Two Chairs, One Hope of Salvation

Fr. Christopher Etheridge, IVE
Feast of the Chair of St. Peter
Today we celebrate the Feast of the Chair of St. Peter.It is a day wherein we should give thanks to God for the gift of the Petrine ministry to the Church and wherein we should pray and offer our Lenten sacrifices for the Holy Father.

If there was ever a moment in the third millennium when the Chair of Peter—the authority of Peter—needs to shine forth as a “throne of truth”[1] and hope, it is now.

But even if the Chair of Peter should crumble—and we know it cannot, because Christ promises us in today’s Gospel, the gates of the netherworld shall not prevail against it—but even if it could, we place our hope first and foremost in another Chair—the cross—”God’s chair in the world”[2]—as St. John Paul II puts it.

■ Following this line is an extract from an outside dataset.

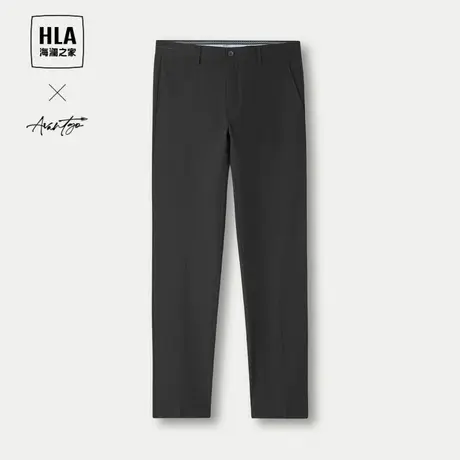 HLA/海澜之家轻商务时尚系列西裤24春夏新刺绣挺括有型休闲裤子男图片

Peter may be the shepherd of the flock, but he himself admits that Christ is her Chief Shepherd (cf 1 Peter 5:4). As we hear in today’s Psalm,

The Lord is my shepherd; there is nothing I shall want.
Even though I walk in the dark valley
I fear no evil; for you are at my side
With your rod and your staff
that give me courage.

And where did Christ show Himself as Chief Shepherd if not from the “chair of the Cross”? From it, He gave us his greatest lesson—a lesson that even Peter himself had to be reminded of as he sought to flee persecution in Rome[3]: that love requires fidelity to the end. True love accepts no compromise, but is even willing to give the ultimate gift of oneself.

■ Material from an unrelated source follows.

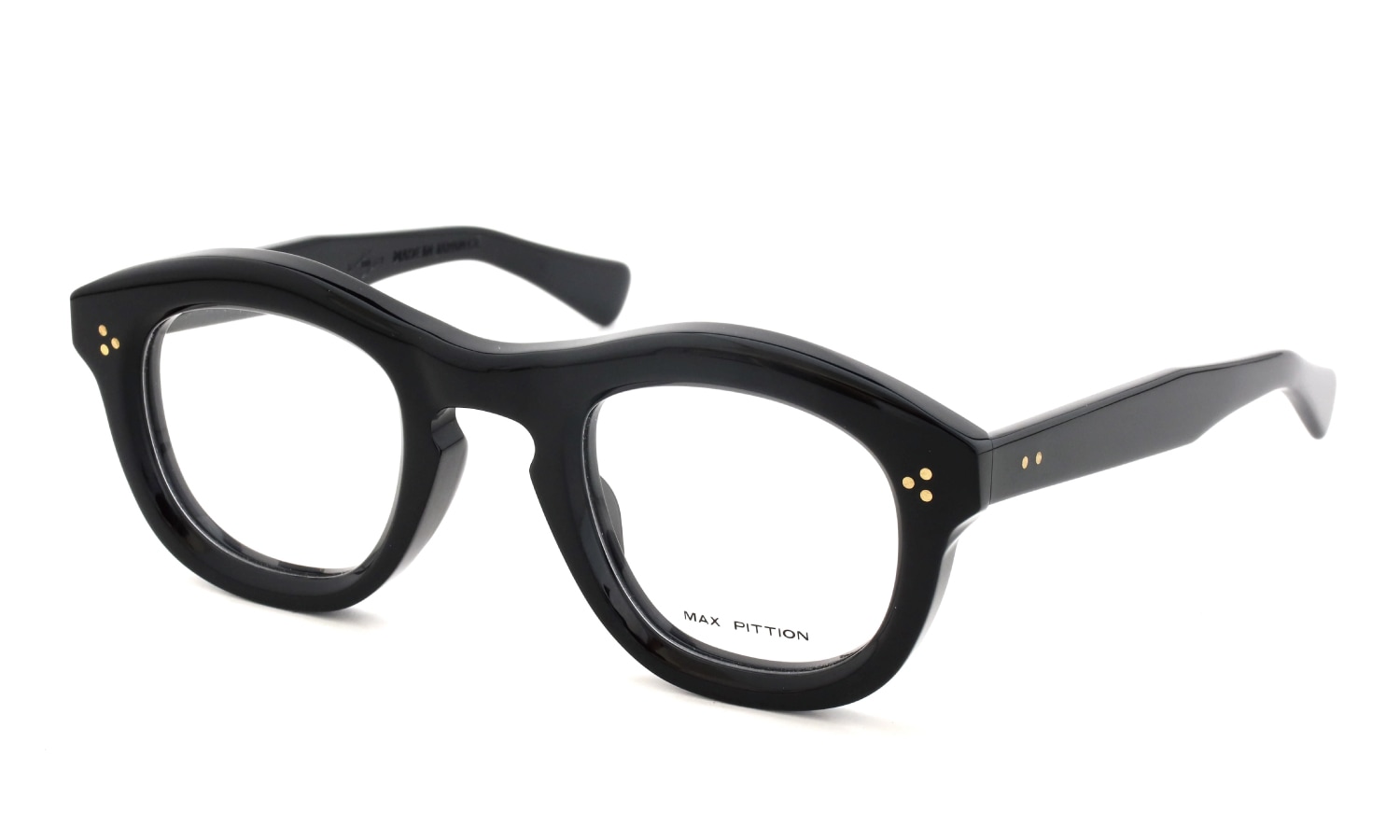 MAX PITTION マックス ピティオン メガネ通販 LE CAGOT 47-29 PIANO BLACK PL-016A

For this reason, the Cross in our only hope—Ave Crux Spes Unica.  It is the anchor of St. Peter’s chair and the Church. Let us not forget this. As Pope Francis said in his homily two years ago today, “May our thought and our gaze be fixed on Jesus Christ, beginning and end of every action of the Church. He is the foundation and no one can place a different one (1 Corinthians 3:11). He is the “rock” on which we must build.” [4] I make this point not for the sake of placing a dialetic between the Chair of Peter and Christ, but I want us to see that Peter’s faith and teaching authority–represented by the cathedra–cannot fail precisely because Christ cannot fail—He did not fail, but loved us to the end.
We build our faith and our daily lives on the Paschal Mystery above all else—for it is the gift of the Father who is “rich in mercy”.  All good things come from the Father—the Petrine ministry itself comes from the Father—but the first and greatest gift is always Christ and Him crucified, the power of God and the wisdom of God (1 Cor 1:24).
As we draw near to this power and wisdom made flesh again in the Eucharist, let us beg the Father the grace of fidelity—to the Chair of Peter and the chair of the Cross.